**Available records**.
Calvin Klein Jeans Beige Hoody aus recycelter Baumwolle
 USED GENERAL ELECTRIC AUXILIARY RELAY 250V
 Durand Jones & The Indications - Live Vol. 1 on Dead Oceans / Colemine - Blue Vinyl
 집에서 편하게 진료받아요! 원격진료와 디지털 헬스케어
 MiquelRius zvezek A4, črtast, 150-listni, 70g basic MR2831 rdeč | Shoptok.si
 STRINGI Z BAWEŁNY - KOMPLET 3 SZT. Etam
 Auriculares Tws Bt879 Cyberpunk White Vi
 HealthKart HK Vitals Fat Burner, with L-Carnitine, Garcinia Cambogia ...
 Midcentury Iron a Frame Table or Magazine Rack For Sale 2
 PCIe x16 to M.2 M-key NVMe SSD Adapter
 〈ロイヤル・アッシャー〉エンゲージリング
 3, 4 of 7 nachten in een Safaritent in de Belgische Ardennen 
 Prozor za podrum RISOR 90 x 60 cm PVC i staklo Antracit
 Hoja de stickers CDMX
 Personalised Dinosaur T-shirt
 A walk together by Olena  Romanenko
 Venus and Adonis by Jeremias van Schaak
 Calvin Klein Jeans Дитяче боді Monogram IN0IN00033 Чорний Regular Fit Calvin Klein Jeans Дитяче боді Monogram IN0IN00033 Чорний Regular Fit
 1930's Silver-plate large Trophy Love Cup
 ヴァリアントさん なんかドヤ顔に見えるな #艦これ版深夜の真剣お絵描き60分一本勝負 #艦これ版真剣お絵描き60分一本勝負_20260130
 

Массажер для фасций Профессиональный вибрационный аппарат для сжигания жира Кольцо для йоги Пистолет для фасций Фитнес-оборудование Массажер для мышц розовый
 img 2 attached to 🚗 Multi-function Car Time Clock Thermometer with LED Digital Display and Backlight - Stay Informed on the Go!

**The problem**. Each line of the data is to be transcribed exactly, with nothing left out.

**Response box**.
Calvin Klein Jeans Beige Hoody aus recycelter Baumwolle
 USED GENERAL ELECTRIC AUXILIARY RELAY 250V
 Durand Jones & The Indications - Live Vol. 1 on Dead Oceans / Colemine - Blue Vinyl
 집에서 편하게 진료받아요! 원격진료와 디지털 헬스케어
 MiquelRius zvezek A4, črtast, 150-listni, 70g basic MR2831 rdeč | Shoptok.si
 STRINGI Z BAWEŁNY - KOMPLET 3 SZT. Etam
 Auriculares Tws Bt879 Cyberpunk White Vi
 HealthKart HK Vitals Fat Burner, with L-Carnitine, Garcinia Cambogia ...
 Midcentury Iron a Frame Table or Magazine Rack For Sale 2
 PCIe x16 to M.2 M-key NVMe SSD Adapter
 〈ロイヤル・アッシャー〉エンゲージリング
 3, 4 of 7 nachten in een Safaritent in de Belgische Ardennen 
 Prozor za podrum RISOR 90 x 60 cm PVC i staklo Antracit
 Hoja de stickers CDMX
 Personalised Dinosaur T-shirt
 A walk together by Olena  Romanenko
 Venus and Adonis by Jeremias van Schaak
 Calvin Klein Jeans Дитяче боді Monogram IN0IN00033 Чорний Regular Fit Calvin Klein Jeans Дитяче боді Monogram IN0IN00033 Чорний Regular Fit
 1930's Silver-plate large Trophy Love Cup
 ヴァリアントさん なんかドヤ顔に見えるな #艦これ版深夜の真剣お絵描き60分一本勝負 #艦これ版真剣お絵描き60分一本勝負_20260130
 

Массажер для фасций Профессиональный вибрационный аппарат для сжигания жира Кольцо для йоги Пистолет для фасций Фитнес-оборудование Массажер для мышц розовый
 img 2 attached to 🚗 Multi-function Car Time Clock Thermometer with LED Digital Display and Backlight - Stay Informed on the Go!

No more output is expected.